Suicaのレスポンスタイムは大丈夫か?

Suicaの新改札システムが5月から導入されます。ローカル処理だった運賃計算がサーバーに移行します。サーバーへの移行のネックの一つがレスポンスタイムなのですが、探し方が悪いのか、それに関して十分に検討したと見られるものが見当たりません。レスポンスタイムに関するテストは、多くの場合、実環境とほぼ同等の環境が必要です。莫大なコストがかかります。正直、かなりの不安があります。

改札におけるレスポンスタイムの制約は厳しいものになります。これに比べれば、銀行のATMは大甘です。レスポンスタイムがさらに厳しい、証券等の超高速取引では、ネットワークを諦めています。コロケーションサービスといって取引所のデータセンター内に証券会社等のサーバーを設置するのが普通です。つまり、超高速取引ではローカル処理なのです。

レスポンスタイムの改善には、ネットワークによる遅延がネックになります。ネットワークによる遅延とは、信号の伝達にかかる時間です。光の速さと距離に依存します。したがって、基本的に、現代物理学では改善が不可能です。

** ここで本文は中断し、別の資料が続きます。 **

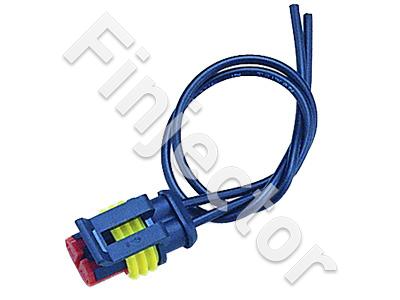 2-pole female connector with wires, splash water proof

幸い、改札に要求されるレスポンスタイムは、上記の超高速取引ほど厳しくありません。したがって、サーバーやネットワークケーブル等の機器がふんだんにあれば、十分に短いレスポンスタイムを確保することは可能です。しかし、機器がふんだんにあるということは、そのためのコストがかかるということです。レスポンスタイムに関するトラブルが発生し、その度に機器を増設する、という形にならないか不安です。